[Pgi-wg] OGF PGI - AGU Execution Service Strawman Rendering
Etienne URBAH
urbah at lal.in2p3.fr
Mon Oct 26 13:48:15 CDT 2009
Aleksandr, Balazs, Morris, Luigi, Johannes and all,
Concerning the 'AGU Execution Service Strawman Rendering' of OGF PGI :
Aleksandr KONSTANTINOV and myself had a telephone talk on Friday 23
October at 16h, and we pointed the question 'if we want to tie state
changes to operation tightly or operation may aggregate multiple state
changes'.
I am NOT an expert on Web Services. I can imagine 3 ways to implement
message transfers (between Job Submitter and Execution Service)
according to the 'Single Job State Model' :
If Execution Service and Job Submitter both implement notifications
-------------------------------------------------------------------
This asynchronous method is most efficient, but is NOT mandatory.
- On job submission :
- The Job Submitter sends a 'CreateActivity' request containing 2
parameters :
- The vector of Job descriptions,
- The URL for notification.
- The Execution Service immediately sends back a 'CreateActivity'
response containing Jobids (or error messages).
- The Job Submitter waits for notifications.
- Whenever the Job Submitter receives from the Execution Service a
'Hold' notification (containing for example the location for manual file
staging) :
- He/she performs the appropriate work (for example manual file
staging),
- Then he/she sends a 'ChangeActivityStatus' request (for example to
resume Job processing),
- The Execution Service immediately sends back a
'ChangeActivityStatus' response describing acceptation or refusal.

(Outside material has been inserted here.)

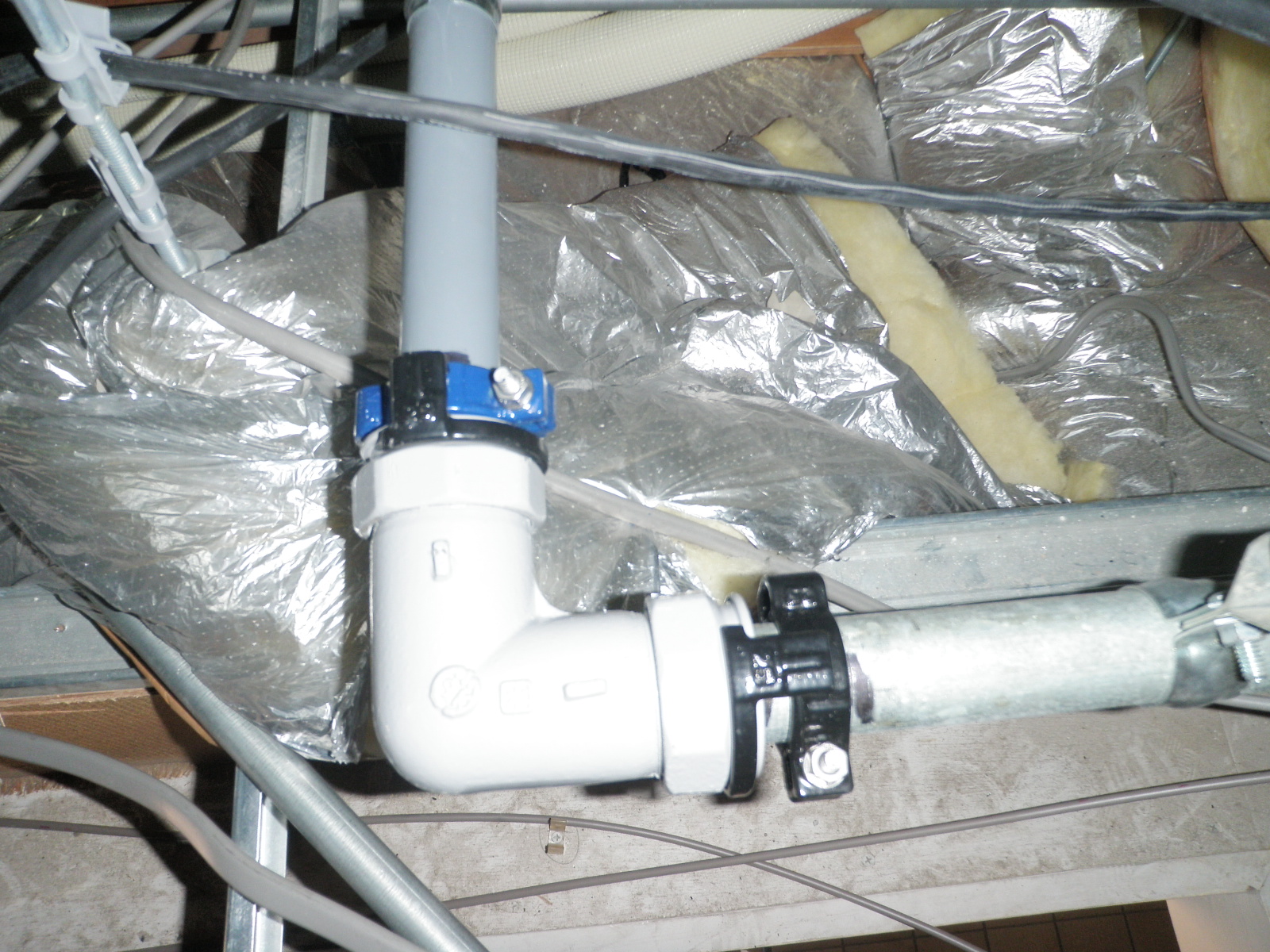 塩ビ管 鋼管 異種管エルボ Skx 川西水道機器 イプロス都市まちづくり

- As soon as the Job is 'Failed' or 'Finished with success or error',
the Job Submitter receives from the Execution Service the appropriate
notification.
- Then, the Job Submitter may send a 'WipeActivity' request to purge
the Job.
If Execution Service or Job Submitter does NOT implement notifications
----------------------------------------------------------------------
Then the Job submitter has to poll the Job status.
- On job submission :
- The Job Submitter sends a 'CreateActivity' request containing only
1 parameter : The vector of Job descriptions,
- The Execution Service immediately sends back a 'CreateActivity'
response containing Jobids (or error messages).
- From time to time :
- The Job Submitter sends a 'GetActivityStatus' request,
- The Execution Service immediately sends back a 'GetActivityStatus'
response describing the Job status and appropriate additional
information (for example the location for manual file staging).
- Whenever necessary (for example the Job status has just become 'Hold') :
- The Job Submitter performs the appropriate work (for example
manual file staging),
- Then he/she sends a 'ChangeActivityStatus' request (for example to
resume Job processing),
- The Execution Service immediately sends back a
'ChangeActivityStatus' response describing acceptation or refusal.
- When the Job status has become 'Failed' or 'Finished with success or
error', the Job Submitter may send a 'WipeActivity' request to purge the
Job.
This method provides consistency with the 'Single Job State Model', but
requires repetitive 'GetActivityStatus' requests.
Method minimizing 'GetActivityStatus' requests without notifications
--------------------------------------------------------------------
As far as I have understood from Aleksandr's explanations :
- On job submission, the Job Submitter sends a 'CreateActivity' request
containing only 1 parameter : The vector of Job descriptions.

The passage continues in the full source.